ClickHouse
ClickHouse is an open-source columnar OLAP database built for real-time analytical queries on large datasets. It is the primary platform for high-throughput analytics workloads where query latency and storage efficiency are critical.
When to Use ClickHouse
ClickHouse is the right choice when:
- Analytical queries need to run in milliseconds on billions of rows
- Storage costs matter (ClickHouse achieves 5–10× compression vs row-oriented databases)
- The workload is predominantly read-heavy with append-only writes
- You need to serve dashboards with sub-second response times at scale
It is not the right choice for:
- OLTP workloads (frequent point updates, transactions)
- Datasets smaller than ~100M rows where PostgreSQL or DuckDB suffice
- Complex multi-table joins that are unavoidable (ClickHouse favors denormalized wide tables)
Core Architecture
Columnar Storage
ClickHouse stores each column in a separate file on disk.

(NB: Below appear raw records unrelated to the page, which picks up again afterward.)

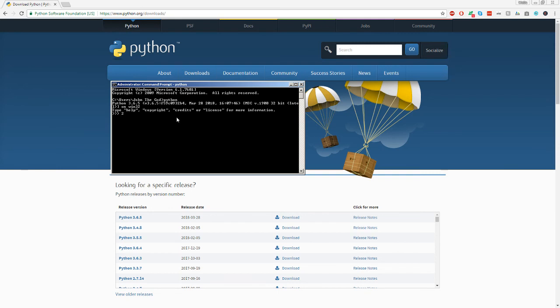And yeah, we can just do some basic stuff with this right now. Math. We can do variables. And yeah.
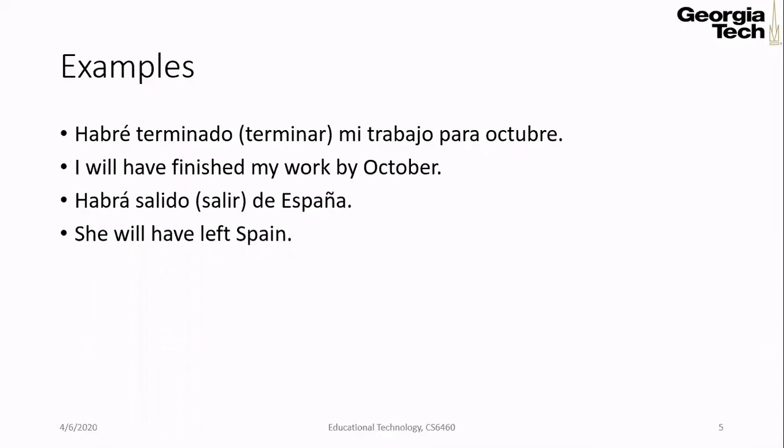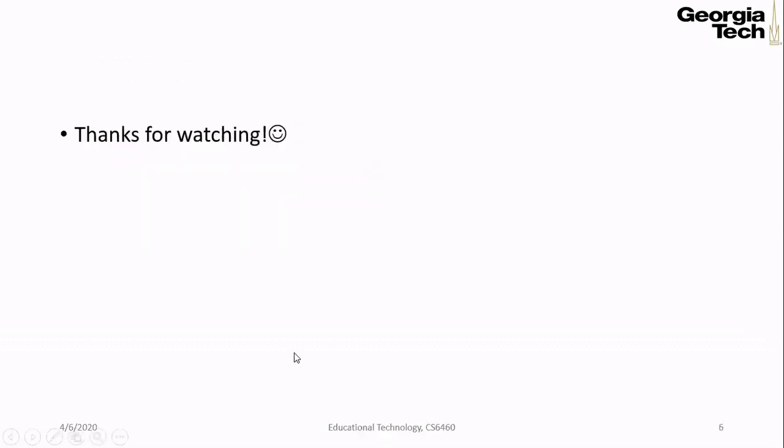Now let's see another example: 'She will have left Spain.' I can say abra salido de España. España is the word for Spain. Left is salido, which is the past participle of verb salir, and salir means to go out. She will have is abra. Okay guys, this was it for this session. Thanks for watching.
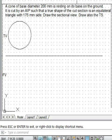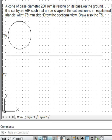Welcome friends. Here we shall demonstrate the solution strategy to solve a problem on sections of solids. We are given the true shape of the section, and we have to define the location of the section plane. After that we have to complete the sectional view of the solid.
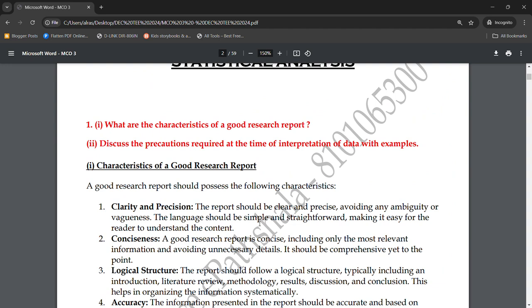The first characteristic is clarity and precision. Whatever you want to write or tell in the report, you need complete clarity. The person reading should not be confused. The report should be clear and precise, avoiding any ambiguity or vagueness. Ambiguity and vagueness both mean there is confusion — nothing is stated in a clear-cut manner.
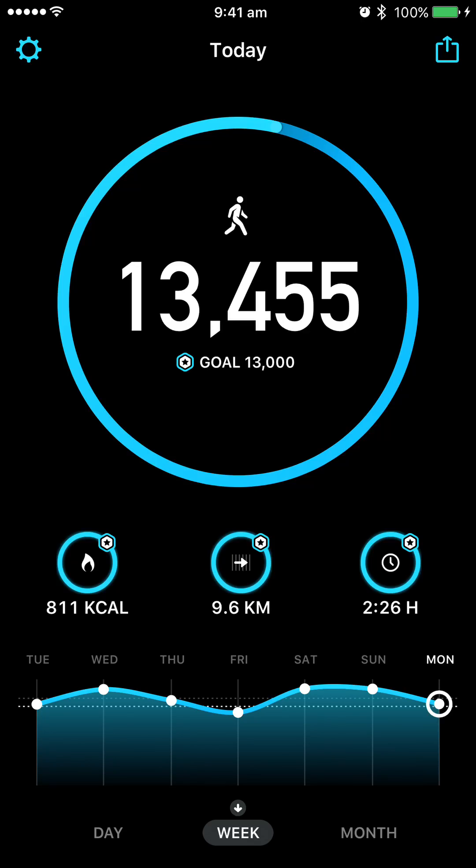Alright guys, welcome to your Steps app. We're going to show you basically what the Steps app has here for you and how you need to go about adjusting it to be set for you.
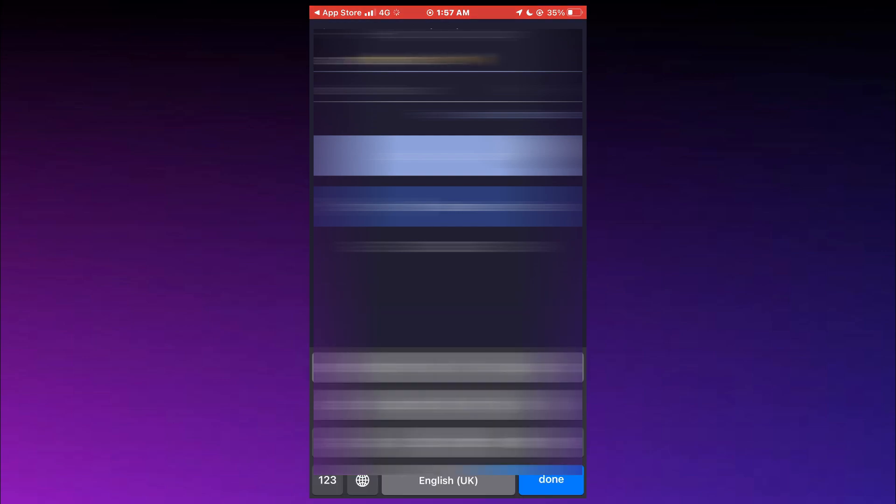Here, you just need to enter your email, create a strong password, accept the terms, and then tap on the Sign Up button.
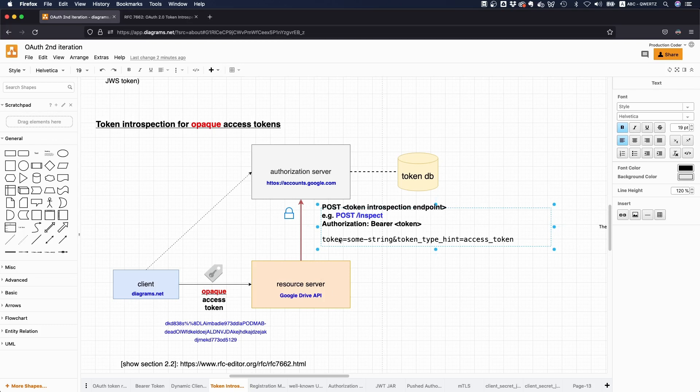And yeah, so you just send like this token there, you might send a token type hint to kind of say what type of token it is, but also not really necessary. So the authorization server should be able to do it only based on the token that you sent.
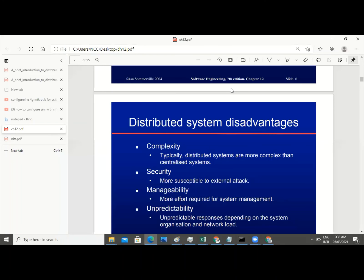Now let's look at distributed system disadvantages. We look at its complexity — in order to tie all those units together, it is usually very, very complex. And security is more susceptible to external attacks because of the coverage, which is global.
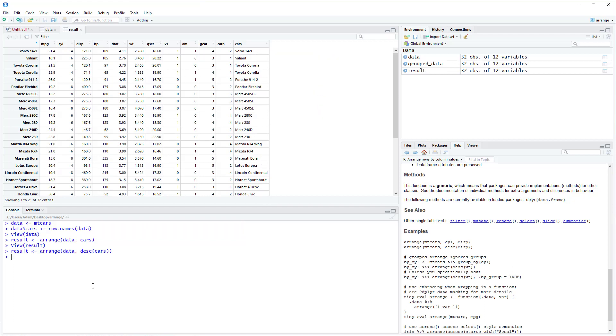It works the same way for numeric variables. So in this case we can sort Cylinder. And for numeric variables the default is to do smallest to largest. So you can see that here.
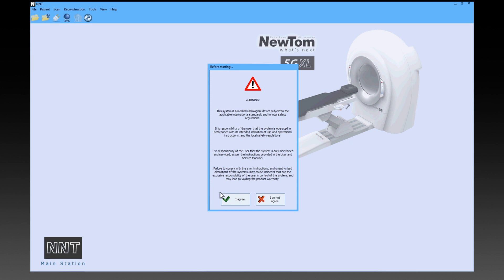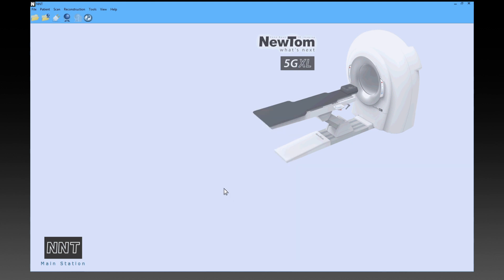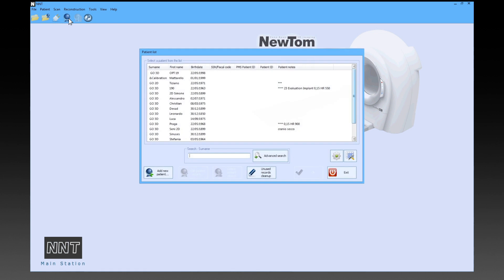After welcoming a patient, her folder can be retrieved from the patient records or a new entry can be made from the special screen pane.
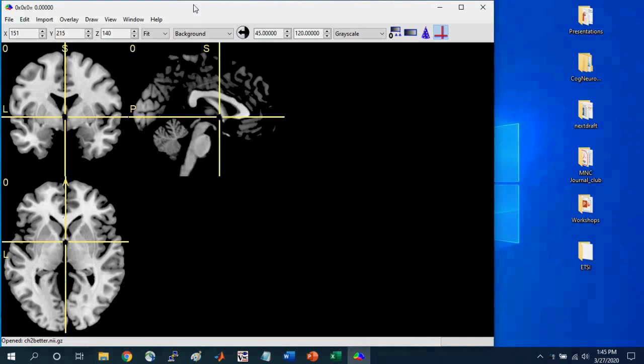So when you open it, you should notice a brain file will be loaded up. It might be different than what you see here. So whatever file I have here is based on the previous time I had MRI-Cron open, it loaded up whatever file was open when I closed it.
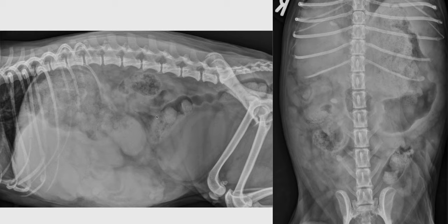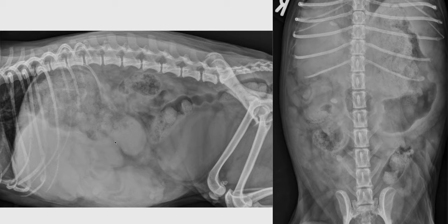Now I will highlight the most significant findings on those abdominal radiographs. The most striking thing on those radiographs is the displacement of the gastric axis. Normally, when we trace the gastric axis between the fundus region of the stomach and the pyloric antrum, this gastric axis should be roughly parallel to the ribs or perpendicular to the spine in more deep-chested dogs.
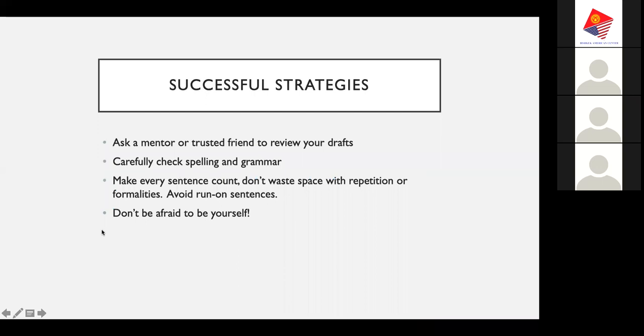We still have a few minutes left in this session. Are there any more questions or is there anything folks would like to revisit? Thank you Grace for your presentation — I'm sure it was very helpful for our participants in writing their purpose. Thank you everyone. Good luck with your applications.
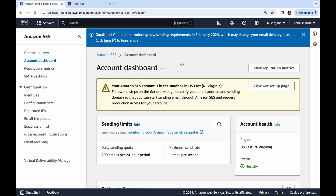Think of all the sign-up or auto-reply emails you receive — they have a 'from' address. We need to set that up. AWS is not going to create an email ID for you or set up a whole inbox — AWS will use your email and send emails on your behalf. So first we need to verify our identity.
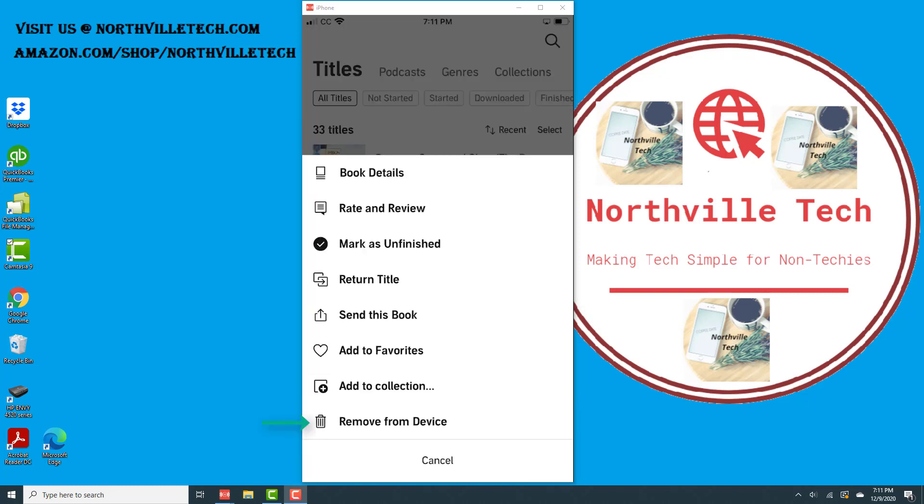Once you do that, you will see an option which says remove from device at the very bottom. Go ahead and tap on remove from device.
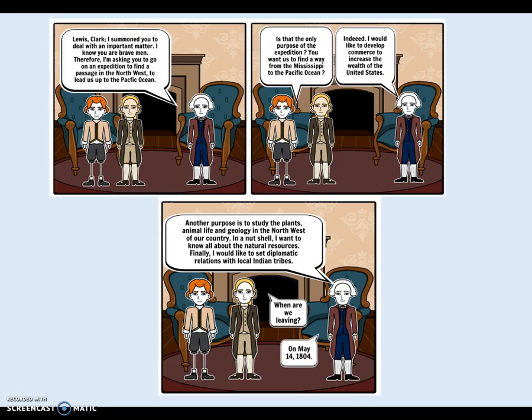Jefferson picks some men for a fact-finding mission into the Louisiana Purchase. They didn't know what existed out there — the landforms, whether there's a water route to the Pacific, or the full extent of Native American populations. He picks Meriwether Lewis and his friend William Clark, and their goals are: one, search for a westward water route to the Pacific; two, interact with Native Americans living in the Louisiana Purchase; and three, document everything they see — the land, animals, and plants — everything about this newly purchased territory.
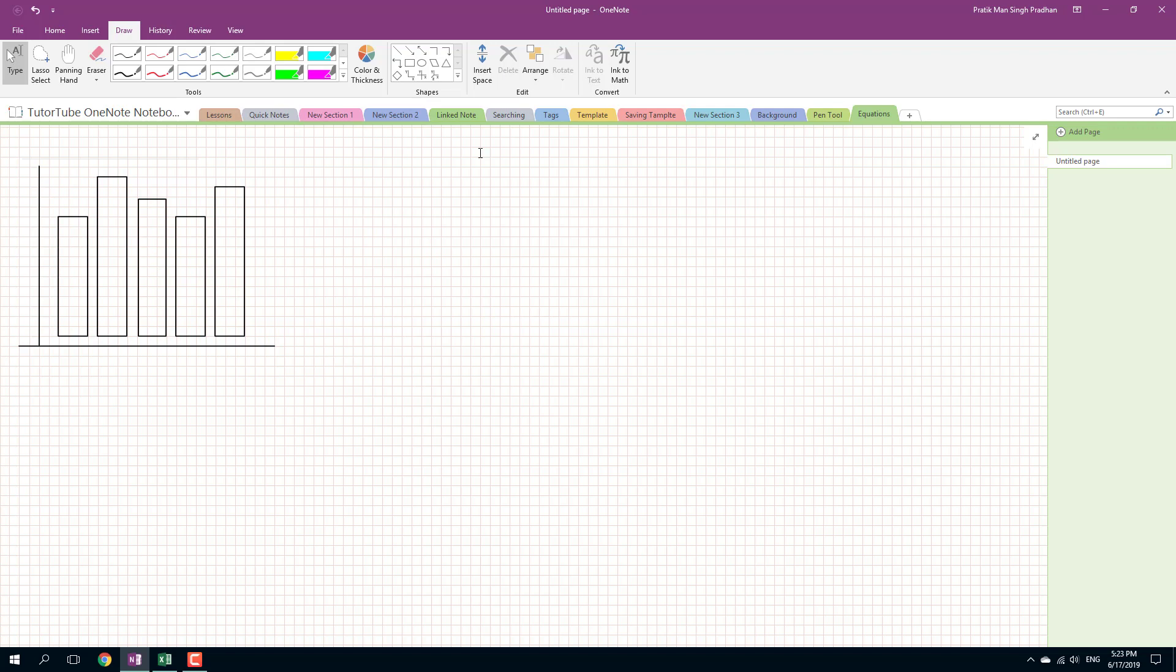So, that is how you can use snap to grid option inside of Microsoft OneNote to create proportional drawings. Hope you guys learned something, as always, and as always, please like, comment, share, and subscribe.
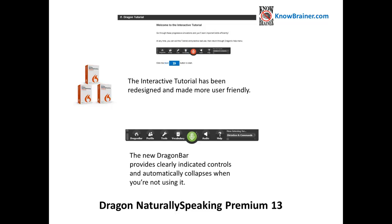The interactive tutorial has been redesigned and made more user-friendly. The new Dragon Bar provides clearly indicated controls and automatically collapses when you're not using it.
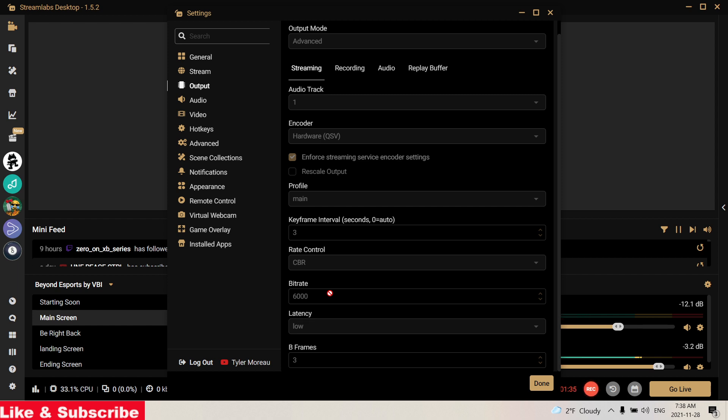That'll give you roughly the number that you should use. I suggest you take about a thousand off of that number as other programs could be using some of that internet.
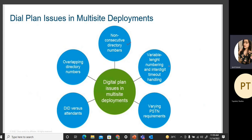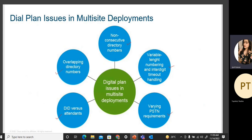Additional dial plan issues include variable length numbering and inter-digit timeout handling, varying PSTN requirements if you have different PSTN connections for different sites, DID versus attendants, and overlapping directory numbers for different sites. These are some considerations to be mindful of when doing multi-site deployments.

This means:
- Queries that select 5 columns from a 200-column table read only 2.5% of the data
- Column-level compression is highly effective (similar values stored together)
- Vectorized CPU operations process entire column arrays at once
MergeTree Engine Family
All production tables use the MergeTree engine family:
| Engine | Use Case |
|---|---|
MergeTree | Standard append-only analytical tables |
ReplacingMergeTree | Deduplication — keeps latest row per key |
AggregatingMergeTree | Pre-aggregation patterns |
SummingMergeTree | Automatic sum aggregation on merge |
ReplicatedMergeTree | Multi-node replication |
Compression
ClickHouse applies compression per column using LZ4 by default.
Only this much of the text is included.